Pois é difícil e delicado dizer “não” para quem é mais próximo. É raro assumir os próprios interesses diante de quem amamos.
Sofremos no cotidiano familiar por tentar fazer tudo junto. A simbiose acaba sufocando a alegria e o prazer da convivência.
Carregamos limites, manias, crenças. Não dá para desconsiderar a singularidade de cada um.
Beatriz sabe que alguém contrariado só estragará o eio. Boicotará a paisagem, o espetáculo dos pássaros, o frescor da água – e ainda buscará convencer a todos a voltar mais cedo.

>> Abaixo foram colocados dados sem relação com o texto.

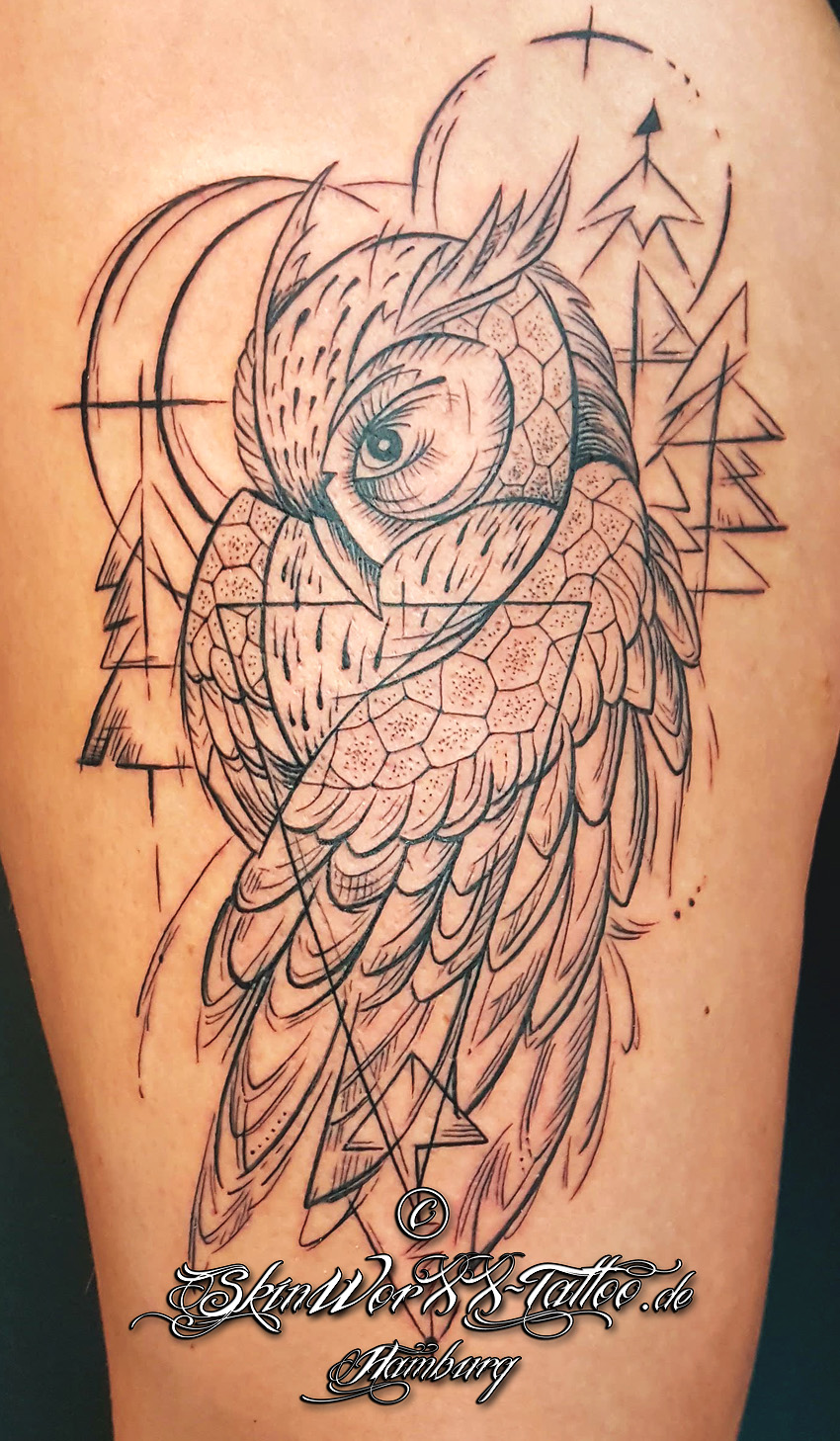 Graphic Art Tattoo by Annea Hamburg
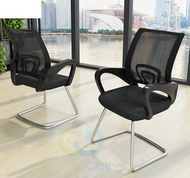 包安裝送貨弓形腳黑框黑網（加厚海綿坐墊版）電腦椅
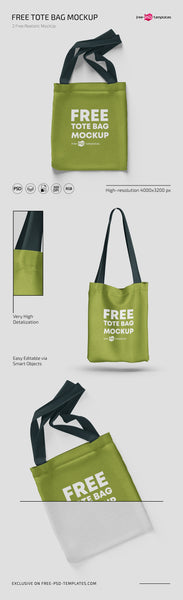 Free Tote Bag Mockups In Psd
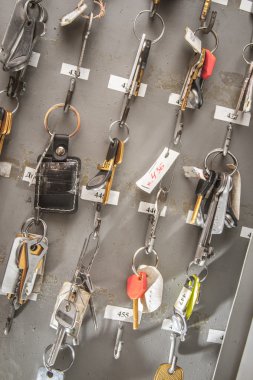 Office Oda anahtarlarını etiketleri ile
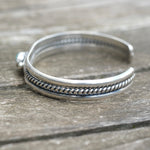 Vintage Sterling Turquoise Roper Cuff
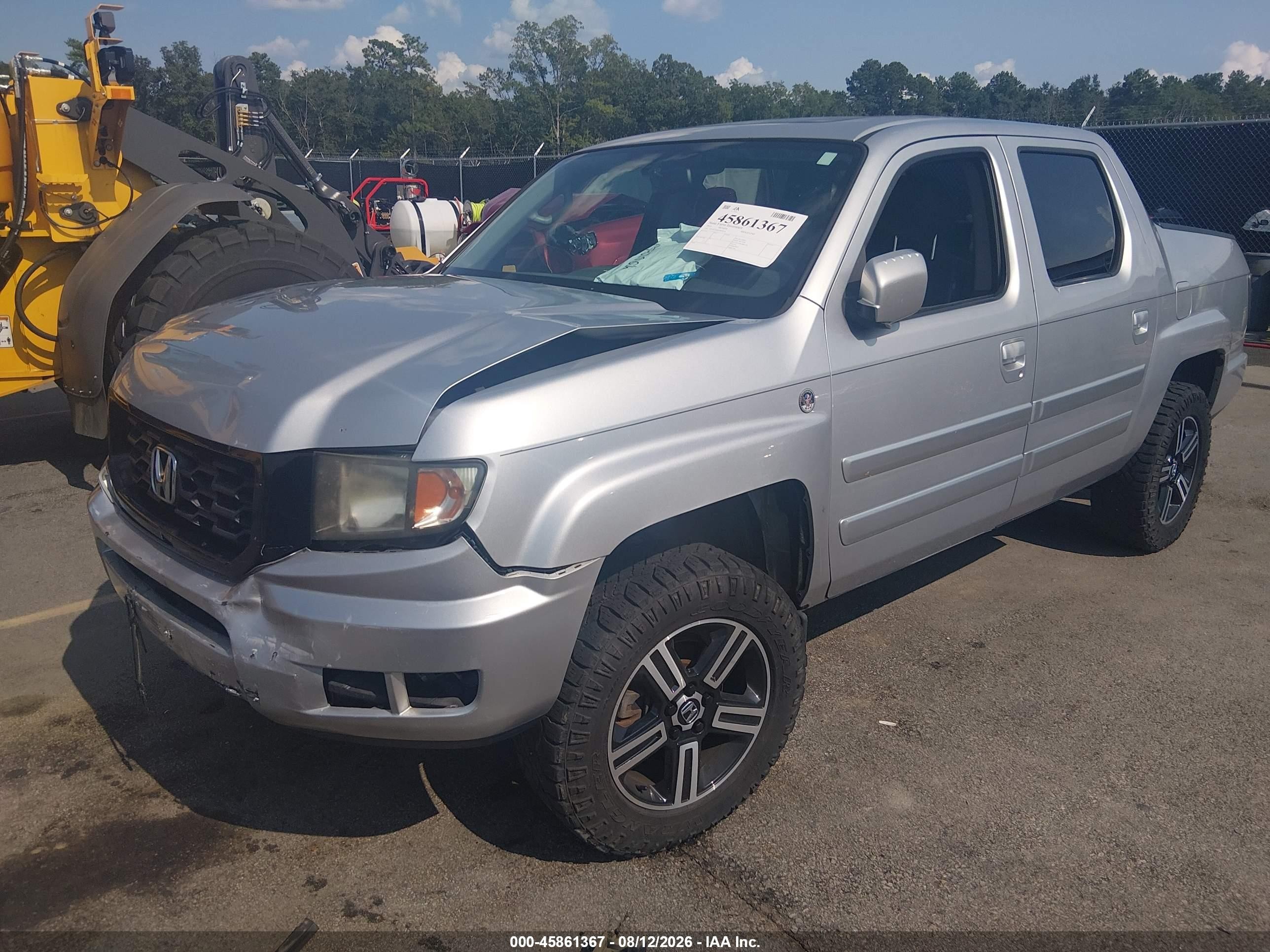 2014 Honda Ridgeline Se Silver vin: 5FPYK1F66EB009476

Precisamos aprender a dizer “não” para os filhos, para o marido ou a esposa, para o namorado ou a namorada, para os amigos. E entender que isso não muda o relacionamento.
Saúde emocional é permitir a sinceridade sem levar para o lado pessoal, como uma afronta.
É aceitar que um convite não é uma intimação.
Não há mal nenhum em inventar programas separados. No fim, todos estarão mais felizes, cumprindo o lazer a que aspiram em suas folgas.
Não é falta de amor. É prova de amor.
Melhor estar junto em pensamento, e ter saudade, do que se forçar a algo.
A bagagem perversa do casamento é quando tudo vira excursão, comitiva.
Você decide visitar sua mãe e se vê obrigada a incluir o marido, os filhos, a casa inteira. Sacrifica a espontaneidade, as conversas individuais, para manter o jogral desafinado e uma diplomacia litigiosa. Enfrentará o quarto fechado de um, o atraso de outro, a má vontade do terceiro.
Não se devem transformar encontros simples em cabos de guerra.
Isso abre espaço para barganhas sutis – birra, amuo, vingança.
Se seu par for de qualquer jeito, depois ele vai cobrar.
Prepare-se para os juros e para ser constrangido a ir a um evento que você odeia.